Torino settecentesca
giovedì Cosa significa parlare di una città collocata nel passato e vista nell’arco di un secolo, affrontando tempi e spazi in trasformazione? Come si può catturare, se esiste, l’identità peculiare di un luogo, come Torino, per il quale nutriamo sentimenti che ci coinvolgono direttamente?A queste domande cercherò di rispondere cominciando da una veduta d’insieme, come se fossimo dall’alto di una torre e sotto di noi vedessimo la città scorrere rapidamente per i cent’anni del XVIII secolo.
Restringeremo quindi la prospettiva osservando le strade, le piazze, i lavori, le feste, la reggia, le devozioni religiose, fermando il tempo in alcuni anni decisivi: all’inizio del secolo, dopo l’assedio del 1706; negli anni dei grandi lavori voluti da Vittorio Amedeo II e progettati da Filippo Juvarra, per attrezzare Torino da capitale; e infine nella Torino di fine Settecento, quando arrivano le idee e le armi della rivoluzione francese.

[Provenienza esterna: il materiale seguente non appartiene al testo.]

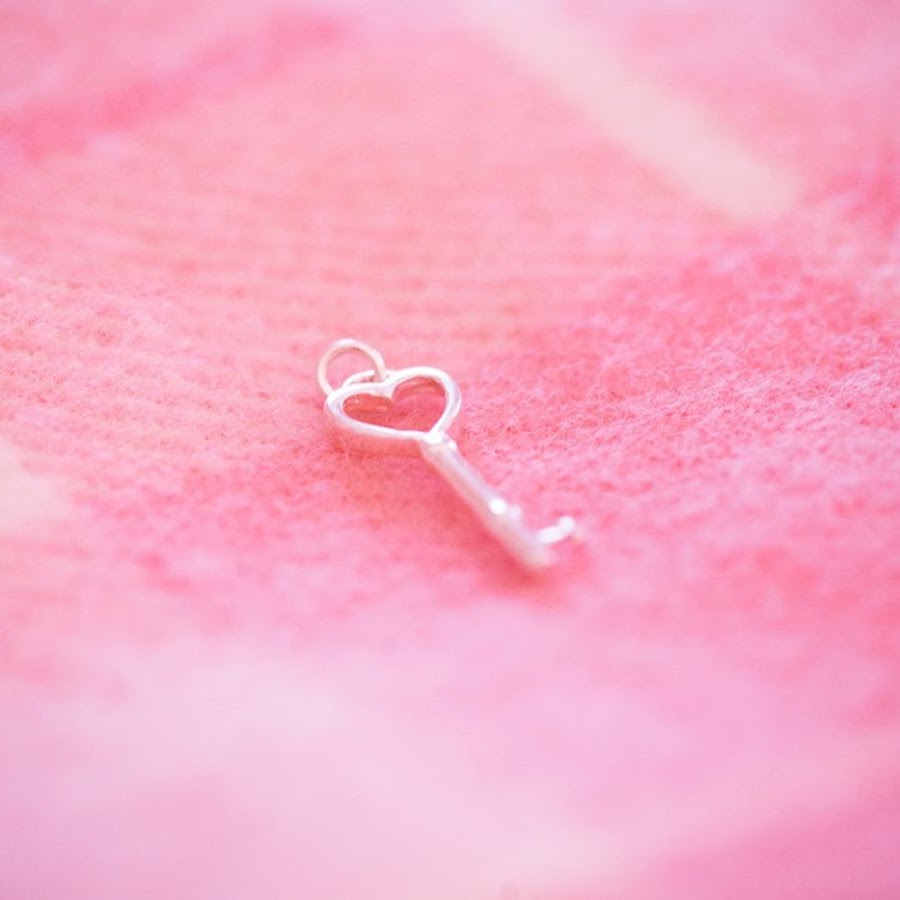 Розовый ключ. Ювелирное украшение ключик. Ключ шаблон. Pink key. Ключ розового цвета.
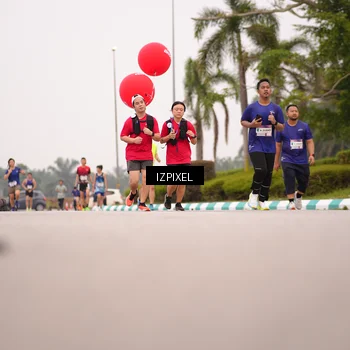 Runner Photo 7539961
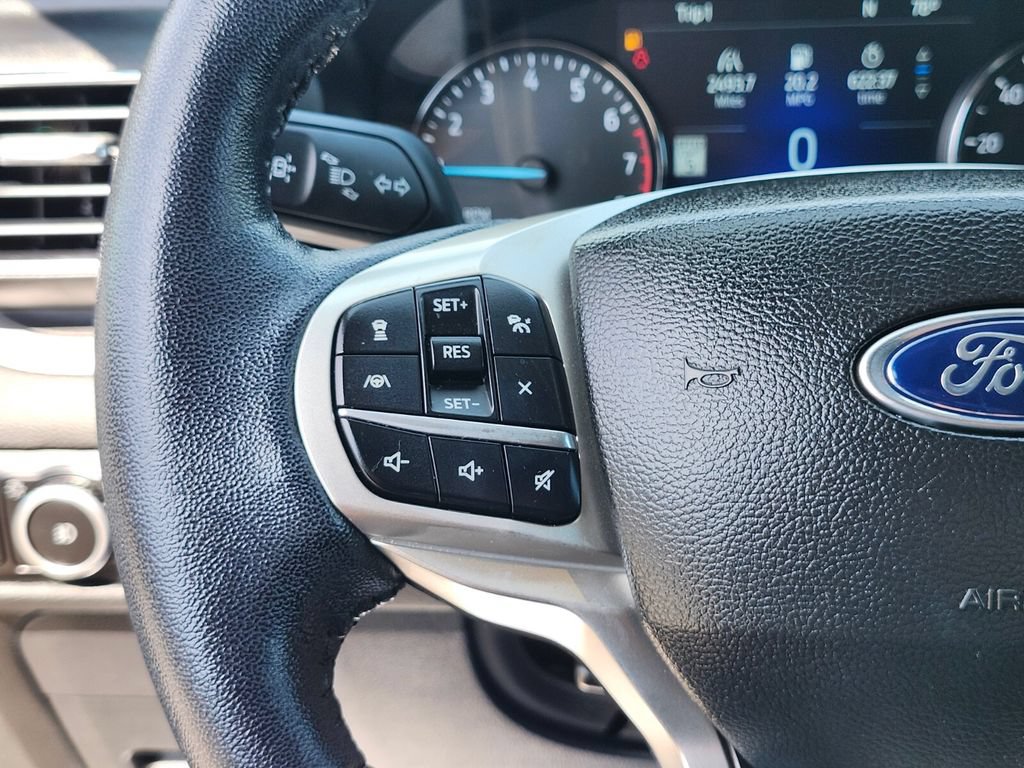 Certified 2023 Ford Explorer XLT w/ Equipment Group 202A AWD/4WD image 30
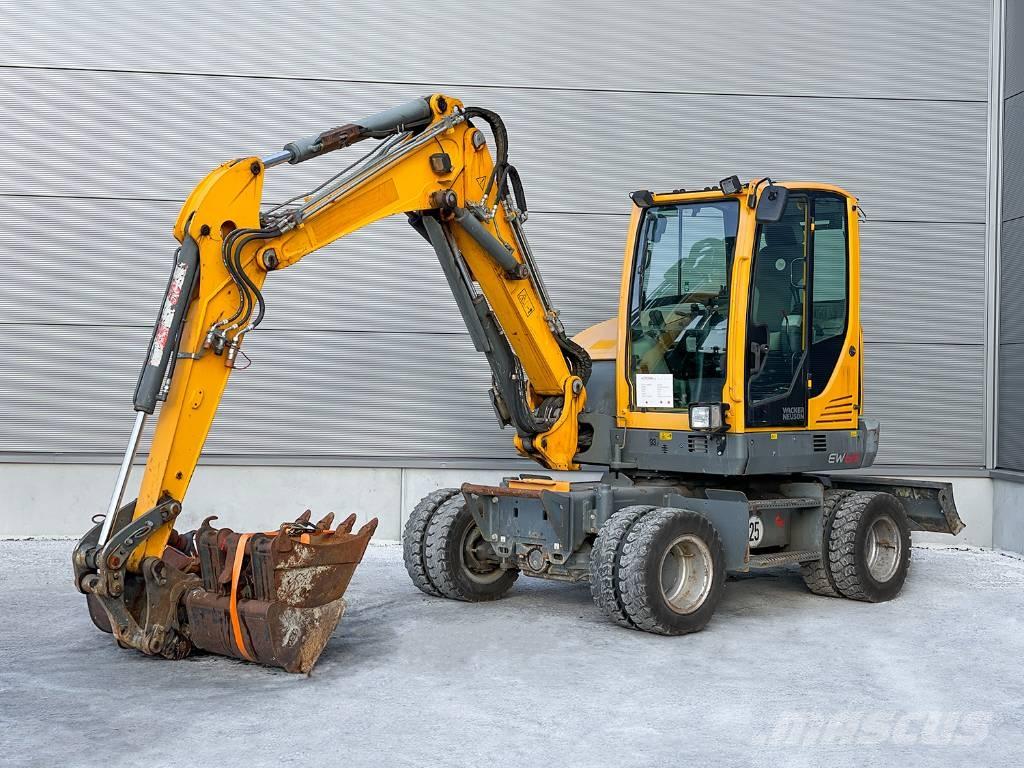 Wacker Neuson EW 65 Ratasekskavaatorid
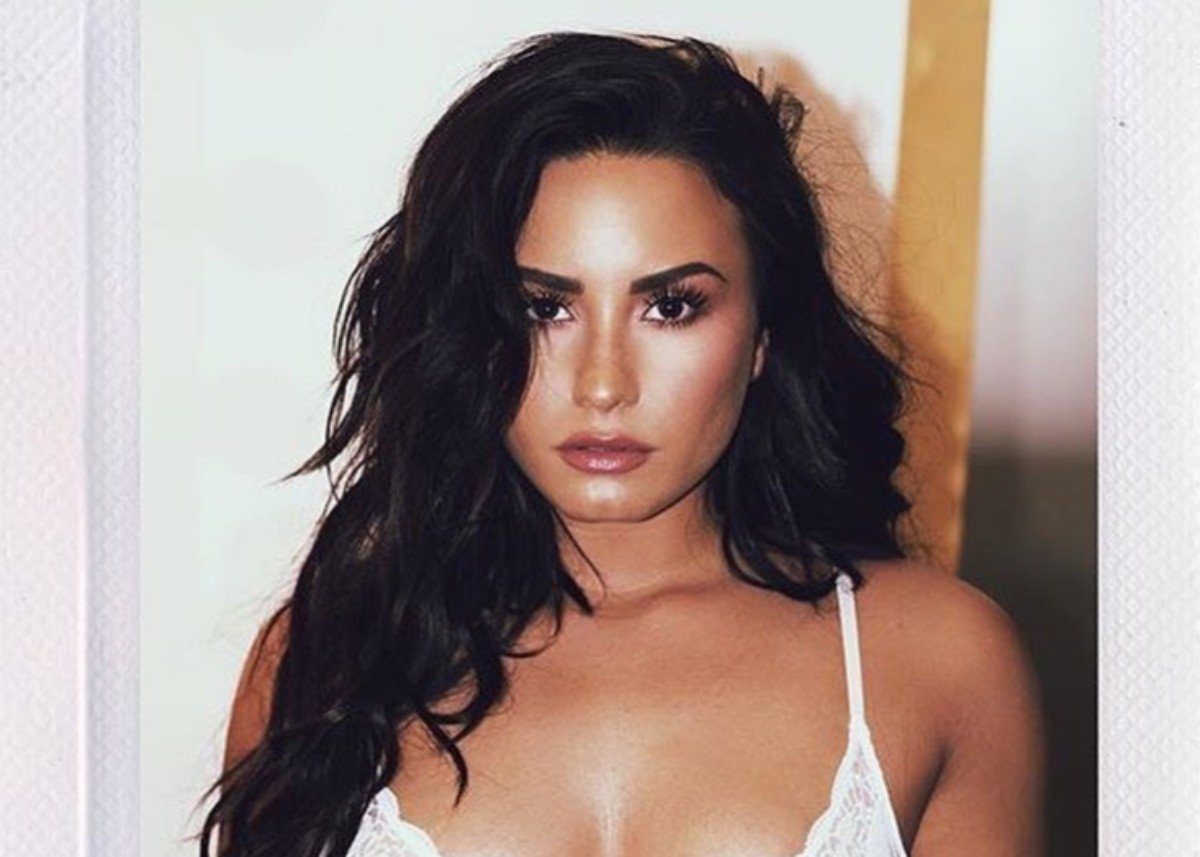 Demi Lovato Shows Off Her Hourglass Figure In a Ruched, Floral Mini Dress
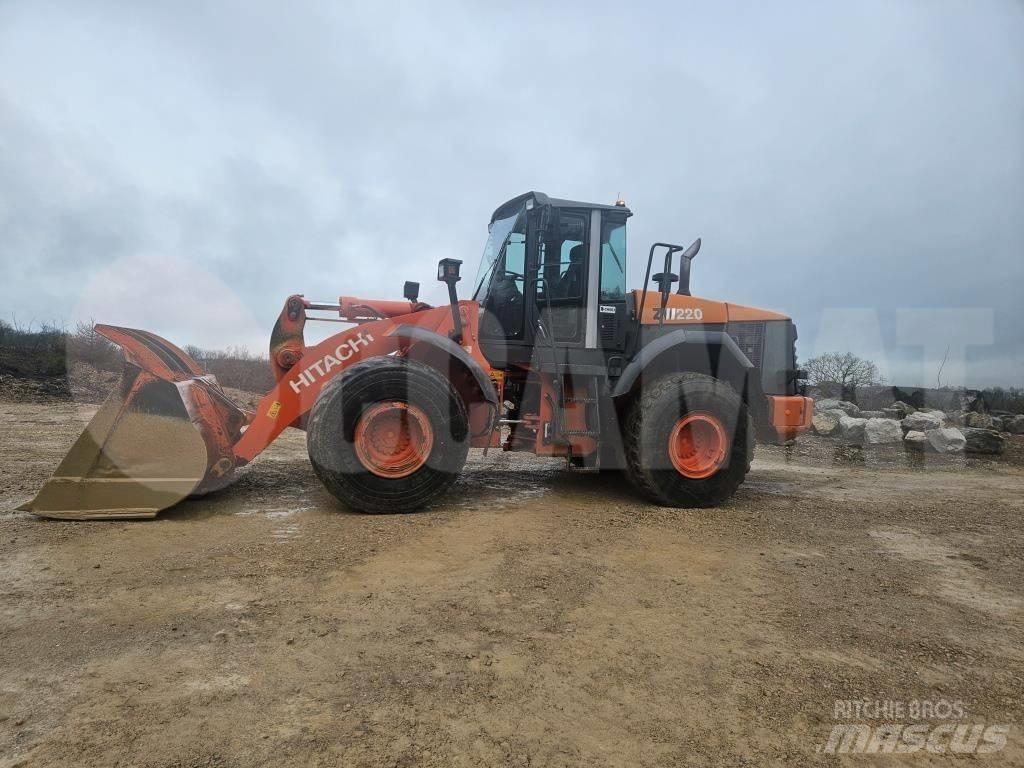 Hitachi ZW 220 輪胎式裝載機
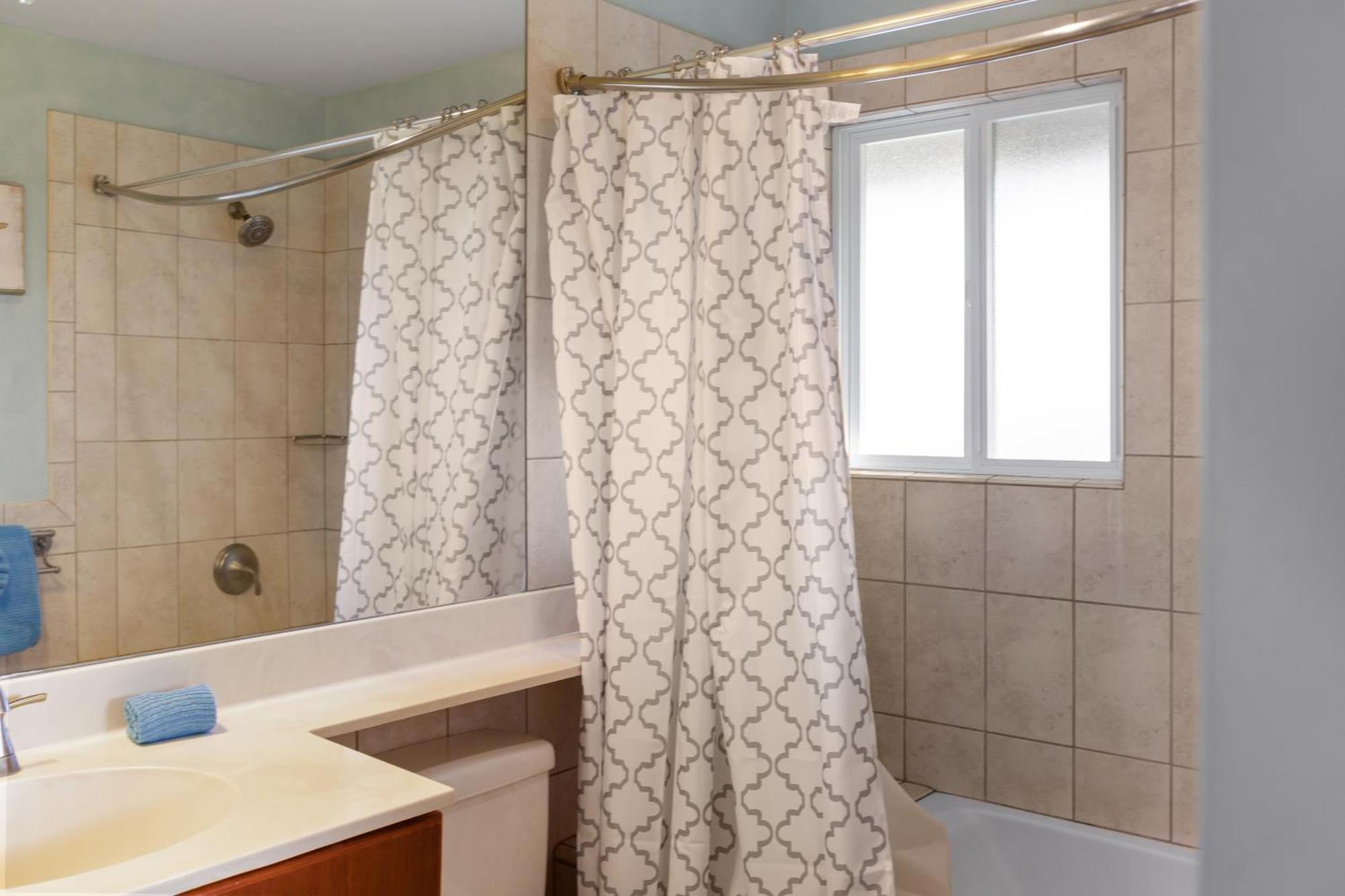 Plumeria Suite, 2-Bedrooms, Sleeps 6, Pool & Bbq, Pre-Renovation Summer Sale Kihei Exteriér fotografie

Proveremo ad entrare in città con lo sguardo e il passo di uno straniero, che, arrivando dalla campagna, s’addentra nel cuore dello spazio urbano e visita chiese, ammira i palazzi e la reggia, si allontana dagli angoli pericolosi, è richiamato nei posti affollati e pieni di vita. Proveremo infine a considerare la Torino nel Settecento con le lenti di un osservatore sociale, per capire i suoi ceti dirigenti, mostrare i lavori e i commerci, passando tra le botteghe e gli opifici, i mercati, le osterie, le piazze bancarie.